Copy exactly. Begin at the line containing "this 896×1344 image." and stop at the last line of the entries, omitting any pictures.

Text-to-region grounding data

####################

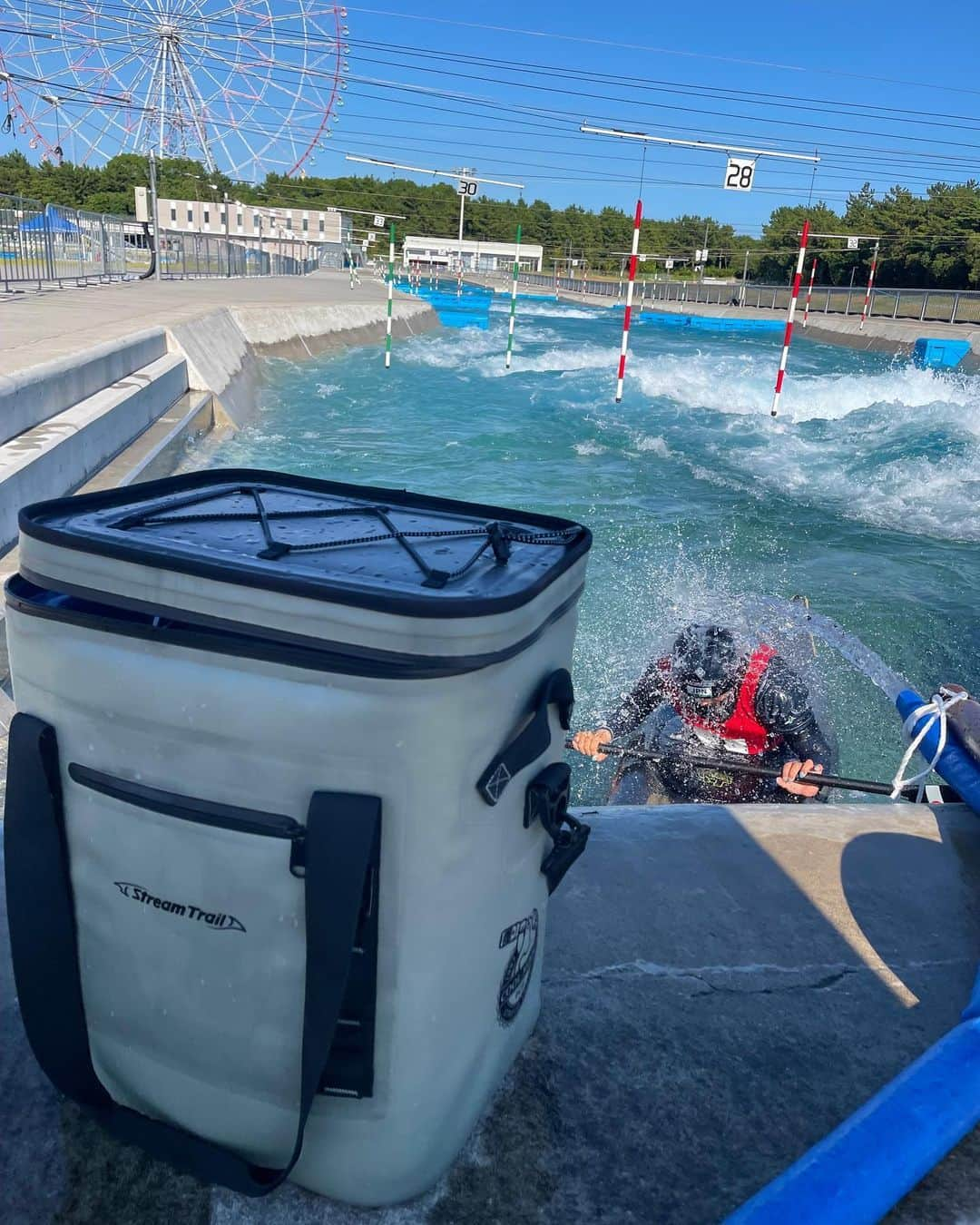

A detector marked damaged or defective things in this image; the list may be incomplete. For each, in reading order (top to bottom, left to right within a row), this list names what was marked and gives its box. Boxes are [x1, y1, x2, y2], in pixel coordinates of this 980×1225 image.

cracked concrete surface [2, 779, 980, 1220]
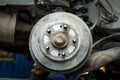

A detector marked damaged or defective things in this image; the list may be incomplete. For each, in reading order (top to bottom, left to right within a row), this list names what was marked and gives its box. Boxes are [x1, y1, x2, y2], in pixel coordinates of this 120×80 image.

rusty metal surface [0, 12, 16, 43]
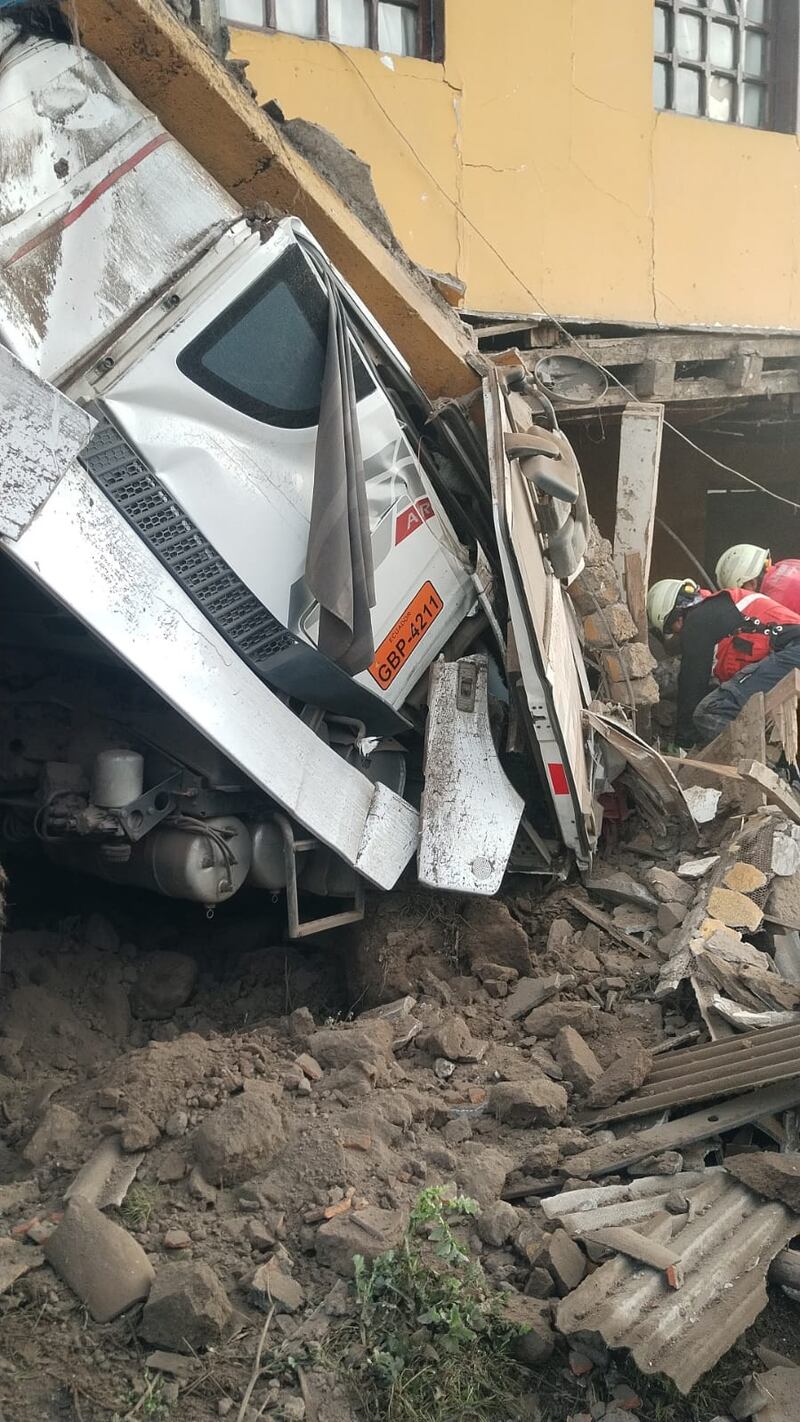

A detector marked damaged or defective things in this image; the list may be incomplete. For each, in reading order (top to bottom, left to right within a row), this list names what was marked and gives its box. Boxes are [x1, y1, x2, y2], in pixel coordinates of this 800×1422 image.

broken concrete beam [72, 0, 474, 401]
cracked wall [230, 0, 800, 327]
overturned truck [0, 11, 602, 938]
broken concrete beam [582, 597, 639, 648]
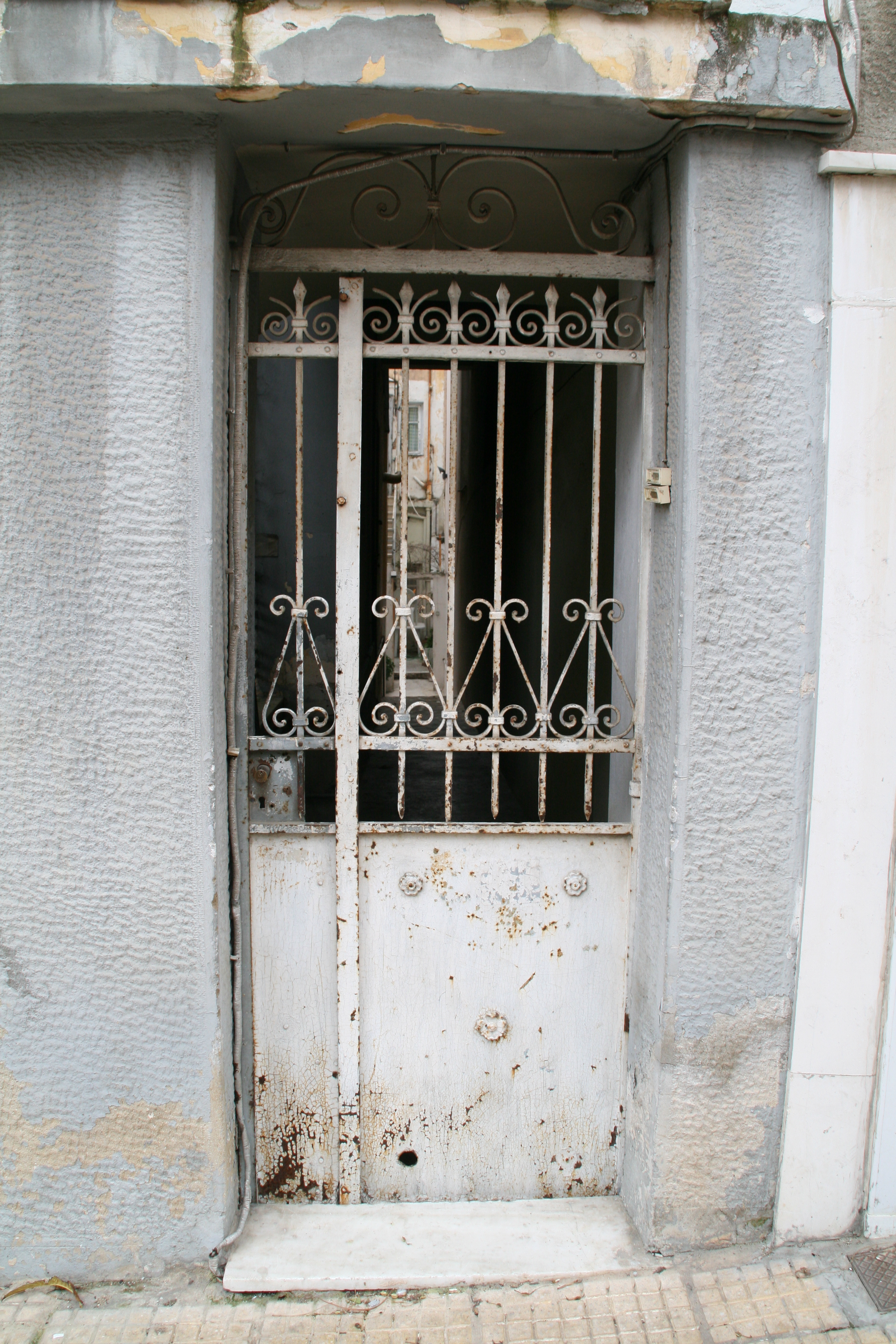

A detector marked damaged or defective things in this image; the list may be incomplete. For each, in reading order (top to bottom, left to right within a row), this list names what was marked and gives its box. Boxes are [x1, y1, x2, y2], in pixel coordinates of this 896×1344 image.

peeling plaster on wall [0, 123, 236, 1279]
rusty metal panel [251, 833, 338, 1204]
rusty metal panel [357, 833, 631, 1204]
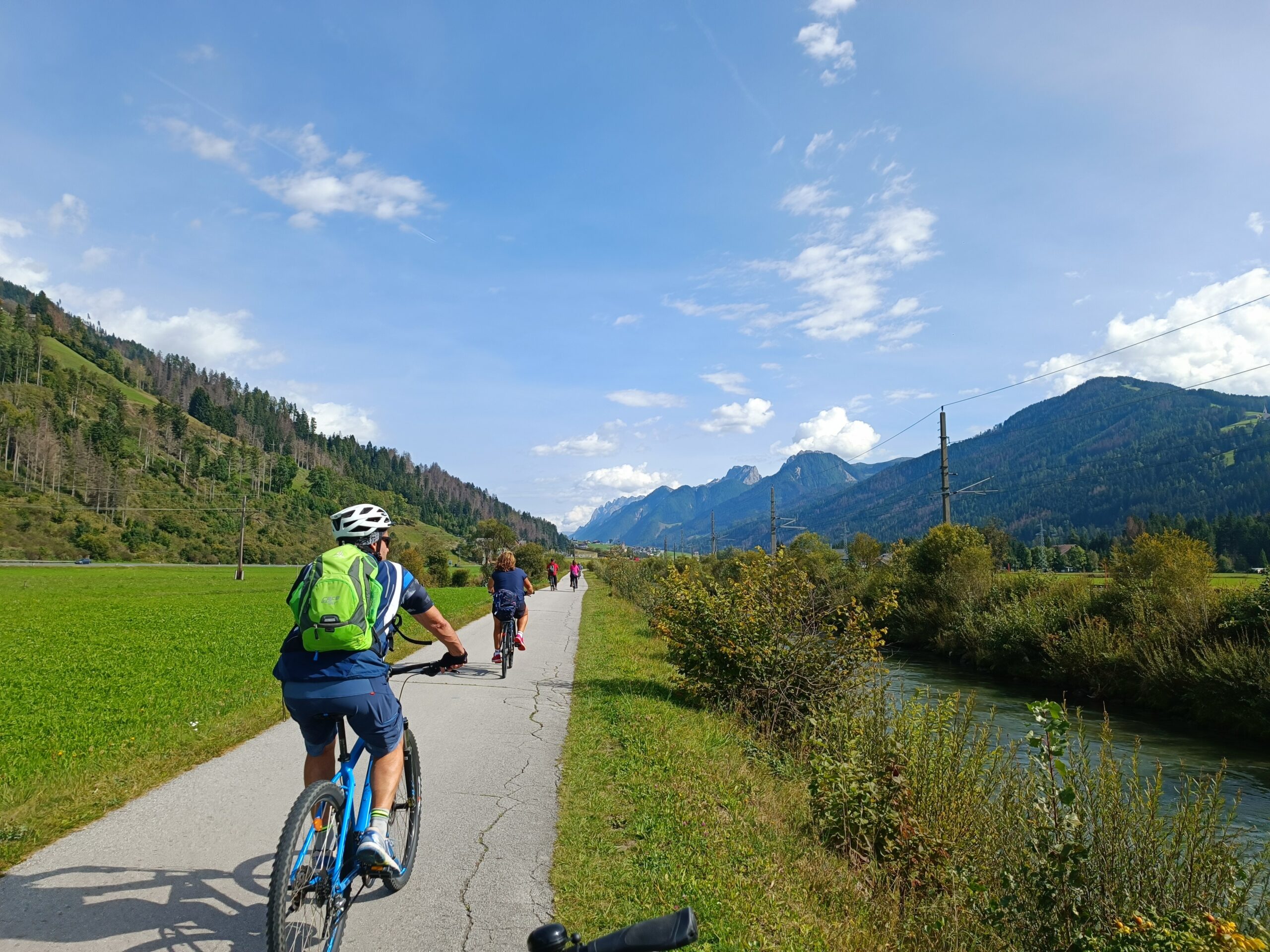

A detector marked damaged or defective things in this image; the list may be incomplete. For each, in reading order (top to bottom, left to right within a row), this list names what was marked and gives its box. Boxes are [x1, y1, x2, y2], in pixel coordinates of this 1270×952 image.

####################

Response:
A detector marked damaged or defective things in this image; the list may be incomplete. For each, in reading order (top to bottom, left to right within a row), this list names what was marked and gives its box. Boxes are [x1, y1, x2, y2], in pixel coordinates of this 896×1344 image.

peeling plaster on wall [0, 123, 236, 1279]
rusty metal panel [251, 833, 338, 1204]
rusty metal panel [357, 833, 631, 1204]

A detector marked damaged or defective things in this image; the list may be incomplete. For each, in reading order (top to bottom, left to right within a row), this list names what was marked and gives its box. Boxes are [x1, y1, x2, y2], in pixel coordinates of this 1270×952 image.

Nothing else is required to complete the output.